Justice O'Connor's Views:

  • The Fourth Amendment generally forbids searches of whole groups. There must be suspicion of the individual to justify the search.
  • Students who are disruptive or act suspicious should be tested--this would not violate anyone's constitutional rights.
  • By focusing on individual suspicion, the whole process is kept confidential and then "any distress arising from what turns out to be a false accusation can be minimized."
  • "It would be intolerable and unreasonable if a prohibition agent were authorized to stop every automobile on the chance of finding liquor and thus subject all persons lawfully using the highways to the inconvenience and indignity of such a search."

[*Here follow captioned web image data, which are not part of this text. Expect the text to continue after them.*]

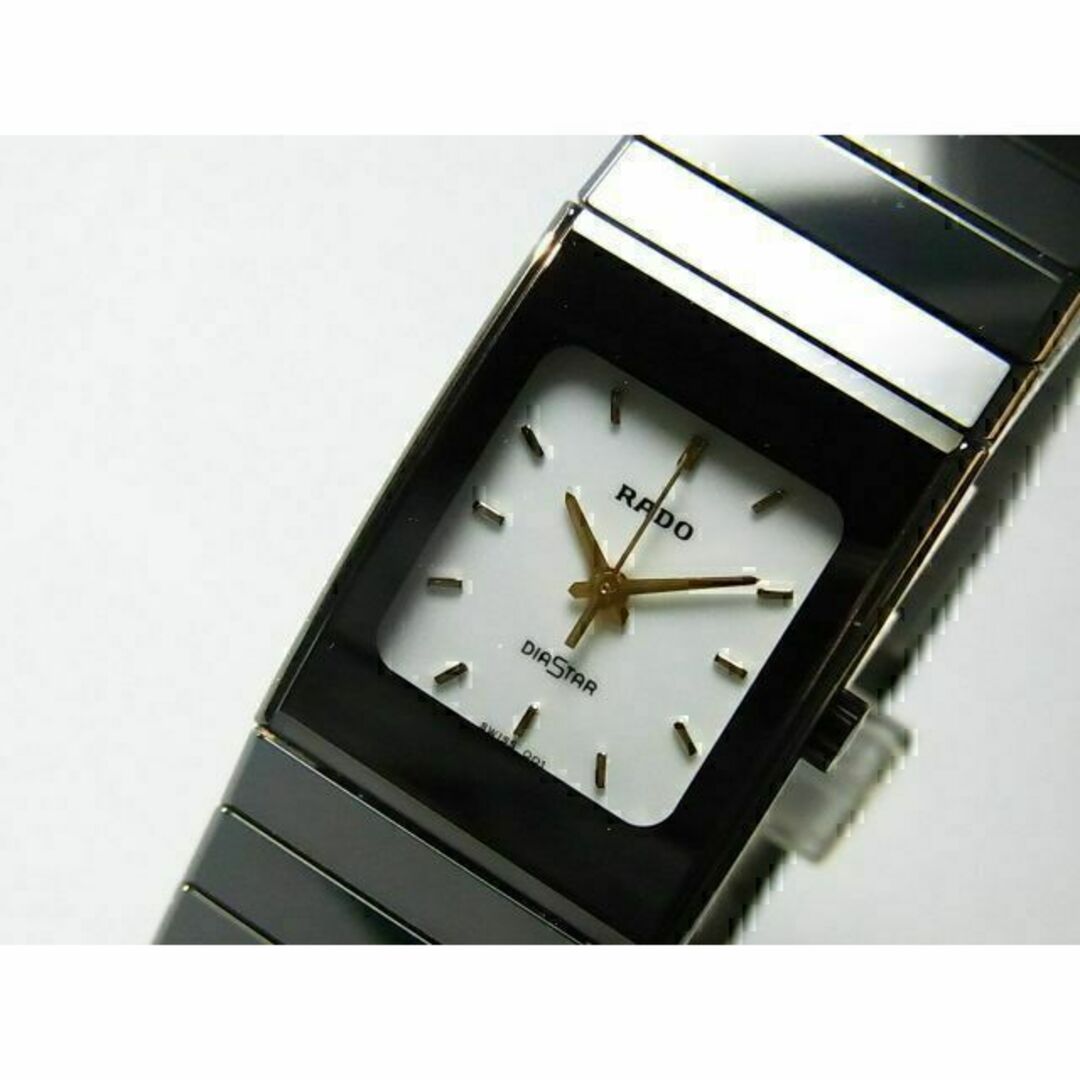 クーポンで半額☆2280円! RADO セラミカ 美品 - 通販 - ns1.psht.or.id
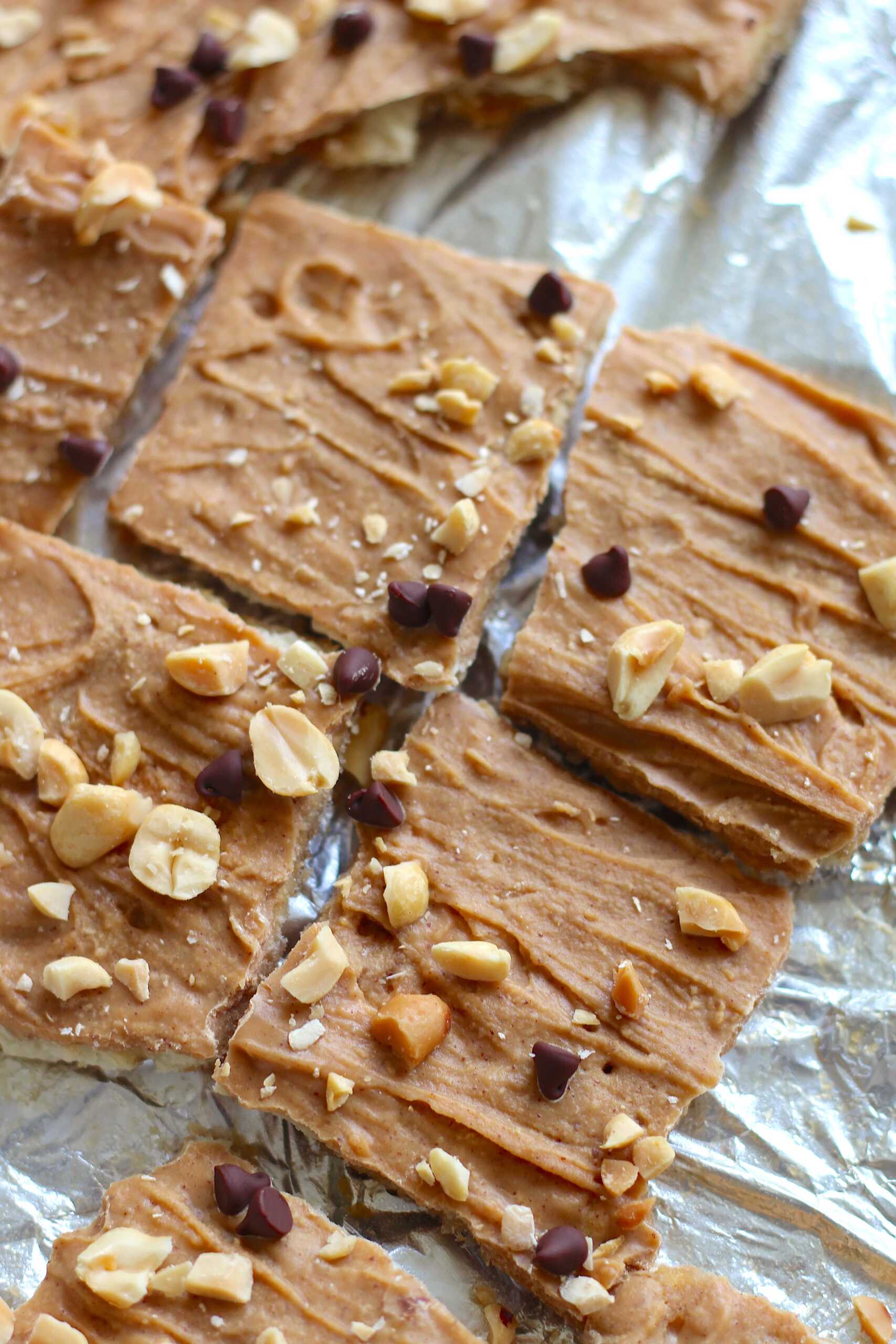 Peanut Butter Cracker Candy 8-min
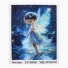Алмазная мозаика Фея, TK Group (20х30 см)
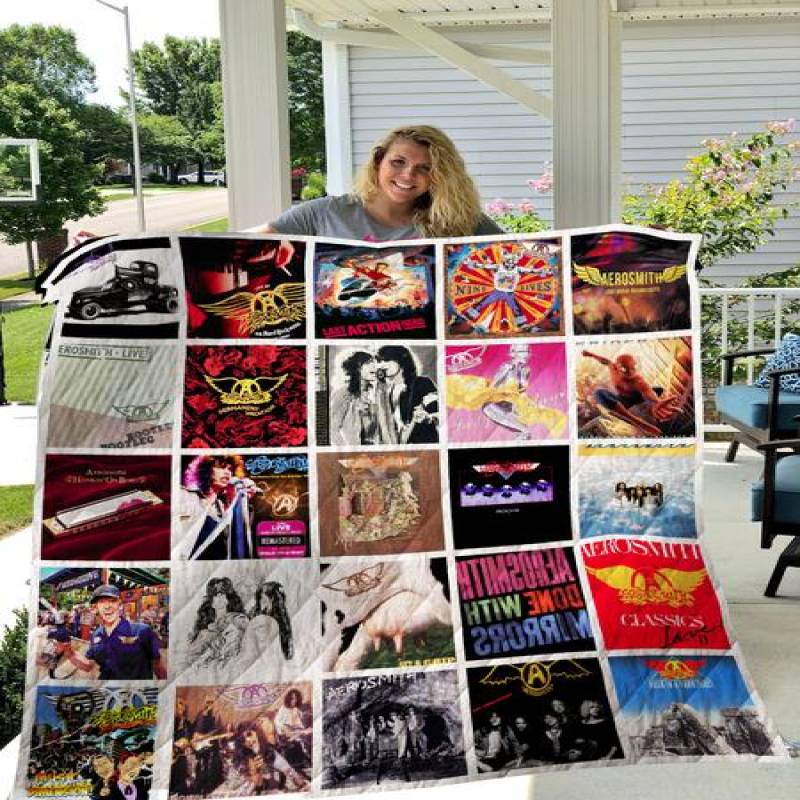 Aerosmith Quilt Blanket 0255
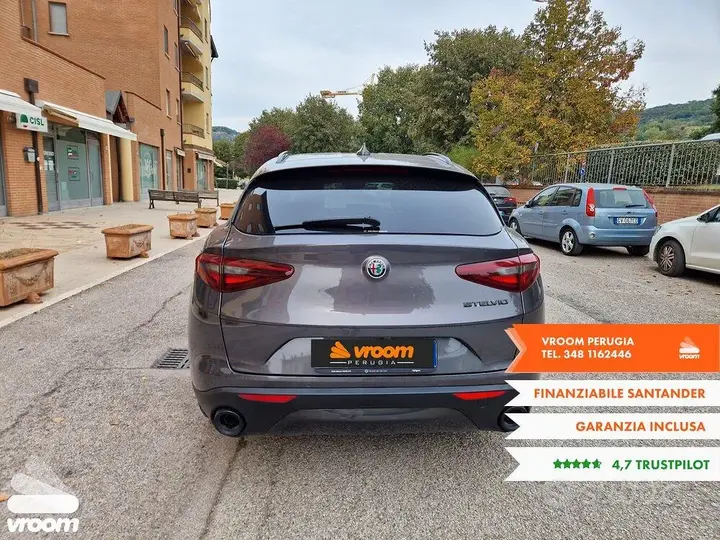 Alfa Romeo Stelvio 2019 photo 4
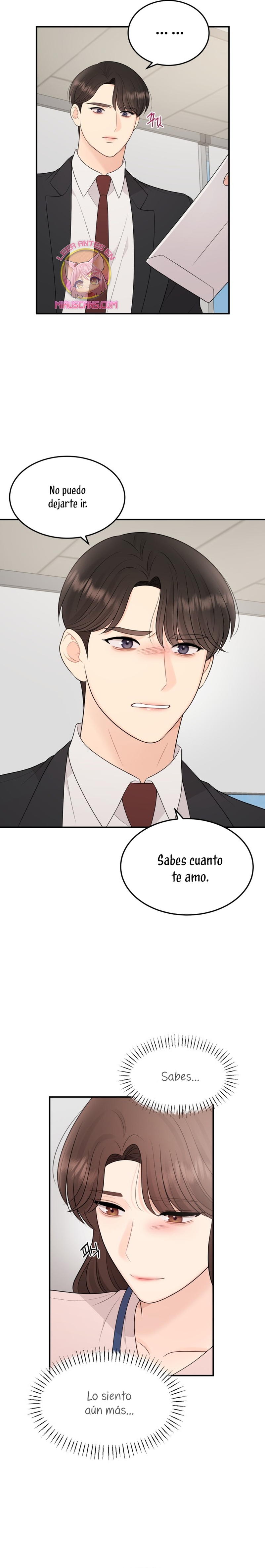 Mi jefe incómodo Capítulo 72 - Página 7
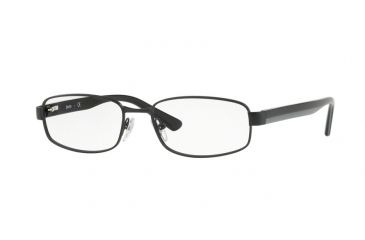 Image of Sferoflex SF2277 Eyeglass Frames 136-54 - Matte Black Frame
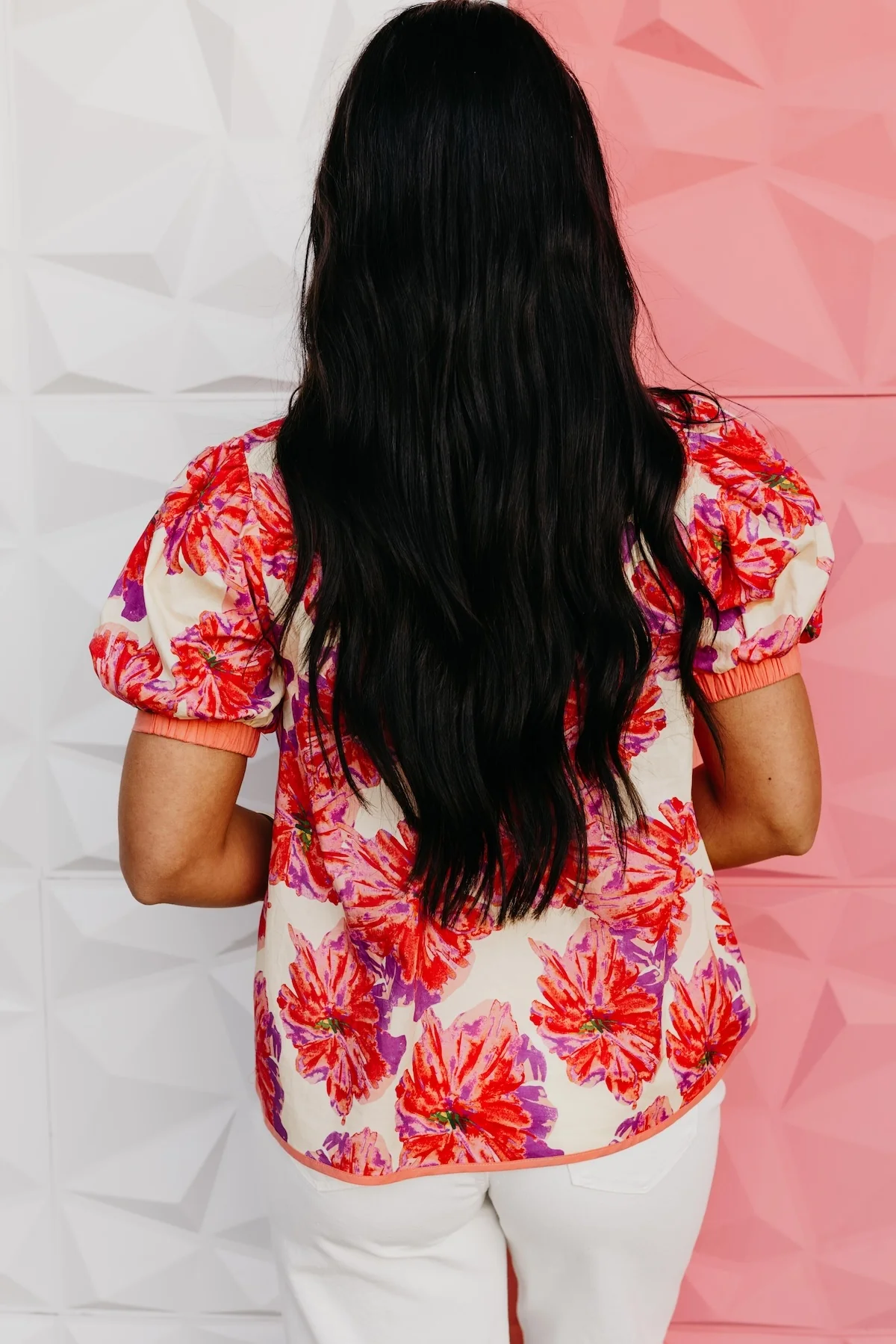 The Gates Puff Sleeve Blouse - Image 11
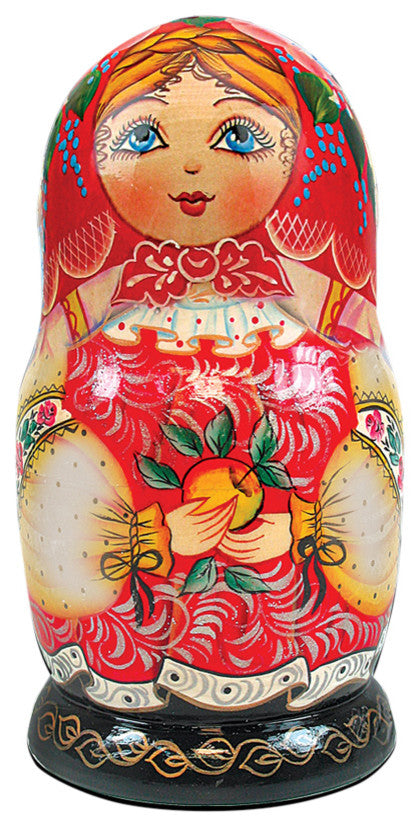 Nesting Doll Matreshkas Door Hanger
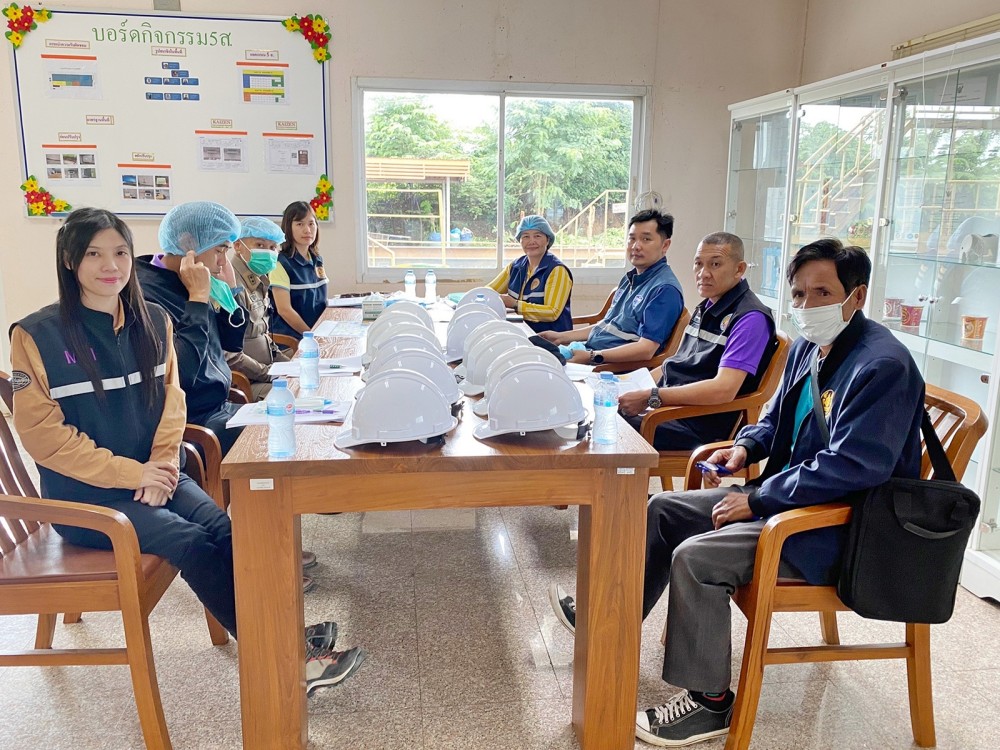 การตรวจสอบสต็อกมันสำปะหลัง ตามโครงการชดเชยดอกเบี้ยในการเก็บสต็อกมันสำปะหลัง ปีการผลิต 2566/67 จังหวัดตาก ประจำเดือนกรกฎาคม 2567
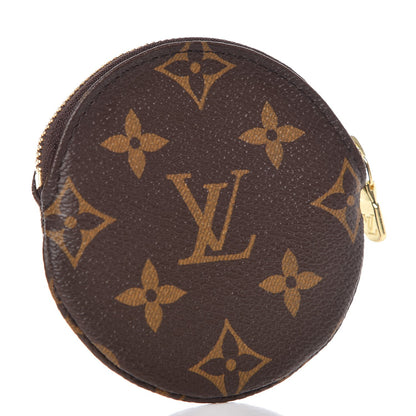 Louis Vuitton Monogram 2017 Christmas Animation Round Coin Purse 3 of 7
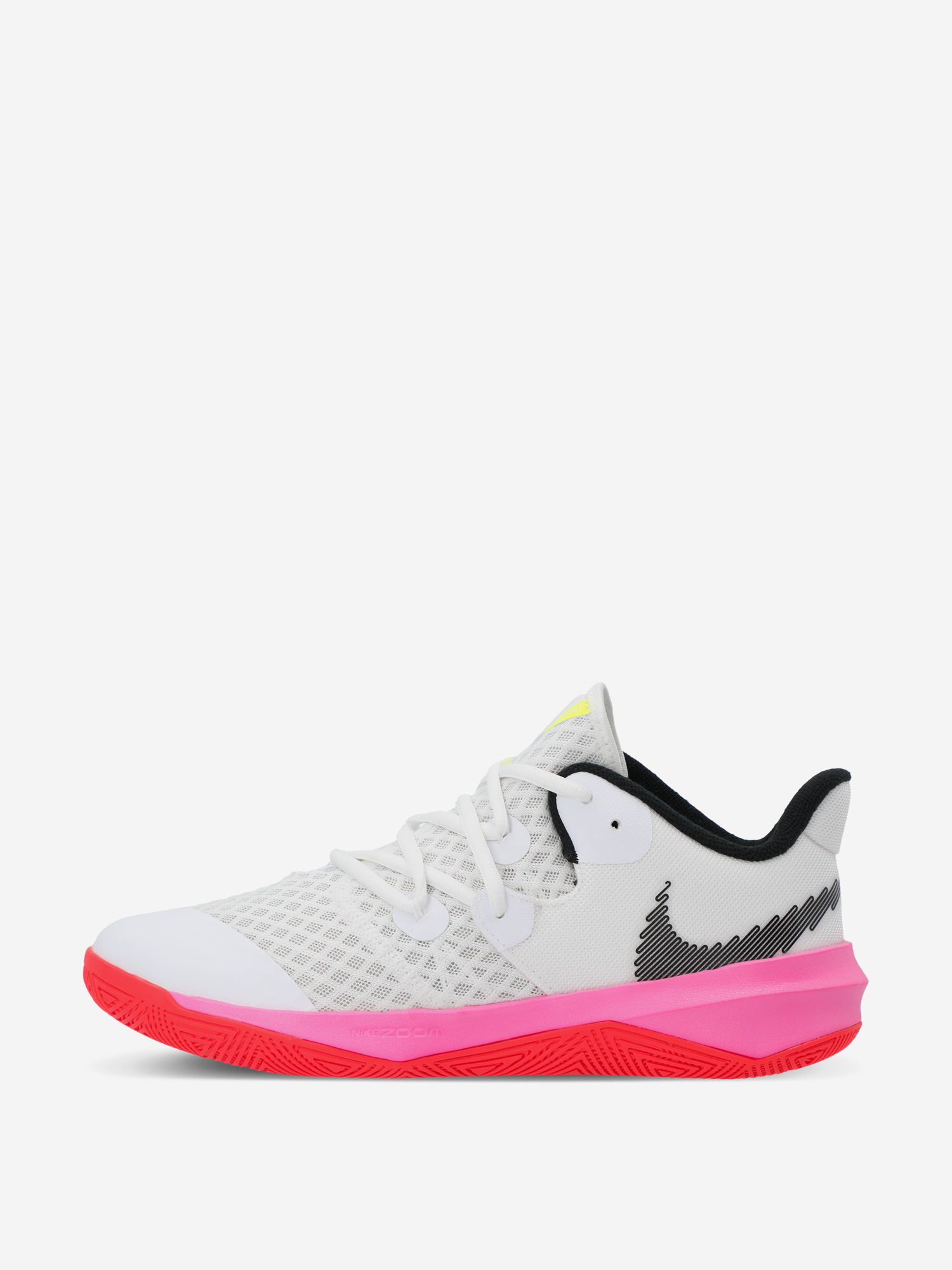 Кроссовки Nike Zoom Hyperspeed Court Le, Белый наколенники волейбольные sportex nk 104 белый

Justice Scalia was writing for the majority in this case. Four other judges in this 6-3 decision joined him. They were Chief Justice Rehnquist and Justices Kennedy, Breyer, Ginsburg, and Thomas. Judge O'Connor wrote the minority, or dissenting, opinion and was joined by Justices Stevens and Souter. The Court held as follows:

  • Requiring a student to submit to a urine test is a search within the meaning of the Fourth Amendment.
  • An individual's right to privacy must be balanced against the school's interest in curbing illegal during use among the student body.
  • The state, as the schoolmaster of school-age children, may exercise greater supervision over school children than it can over adults.
  • Students do not leave their constitutional rights at the school door; therefore, any search or seizure must be considered reasonable.
  • School children have a lesser expectation of privacy than free adults in that they are required to have physical examination and vaccinations in order to attend school.
  • Student athletes have an even lesser expectation of privacy in light of the fact that they often undress in open locker rooms.
  • As to the balancing test, the privacy interests involved with urine testing are minimal compared to the school's interest in curbing the use of illegal drugs among the students.
  • Student athletes have a greater potential to harm themselves and otherwise while using illegal drugs.
  • In the Vernonia School District, the results of the drug test would be kept confidential and not turned over to the authorities.